<<<<

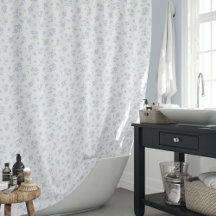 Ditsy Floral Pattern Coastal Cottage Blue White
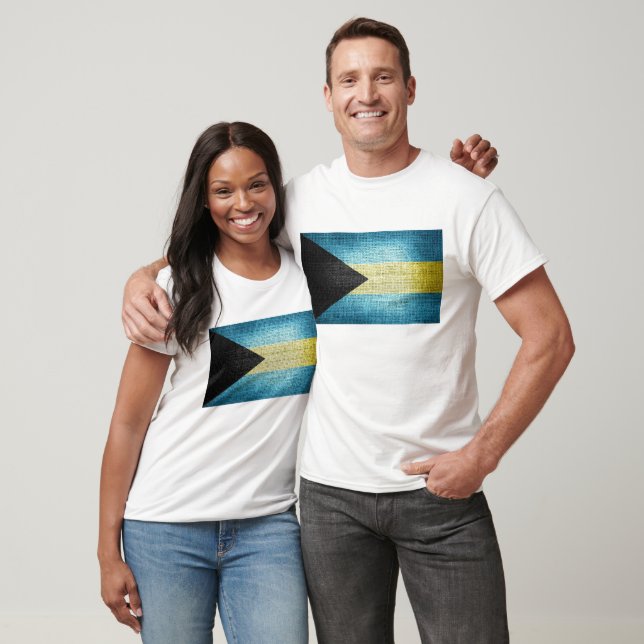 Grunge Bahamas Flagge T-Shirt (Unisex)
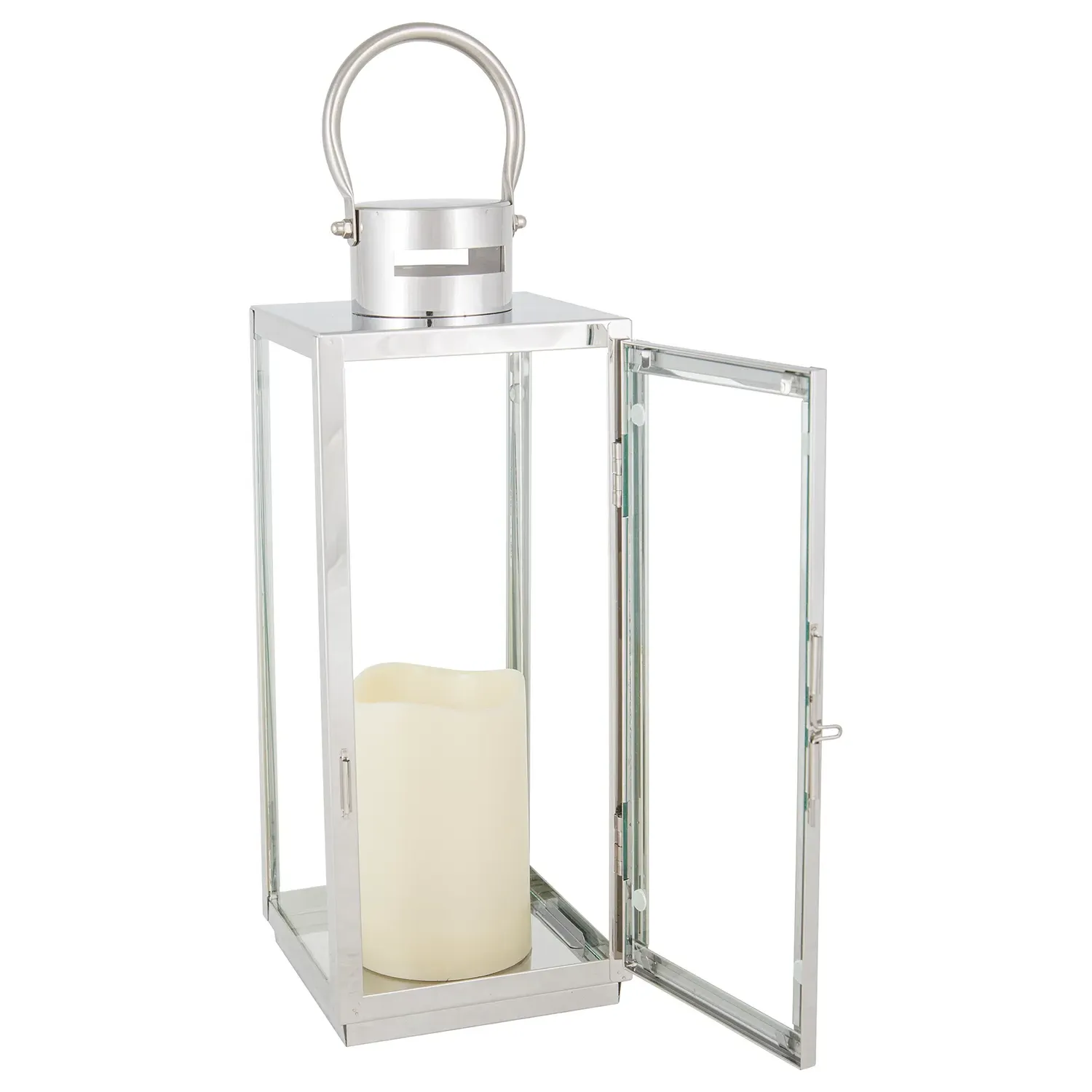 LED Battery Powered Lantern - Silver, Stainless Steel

>>>>

■ **WHAT NEEDS TO BE DONE**
Please output the material above again, exactly, and omit every image.

■ **EXPECTED OUTPUT**
 Ditsy Floral Pattern Coastal Cottage Blue White
 Grunge Bahamas Flagge T-Shirt (Unisex)
 LED Battery Powered Lantern - Silver, Stainless Steel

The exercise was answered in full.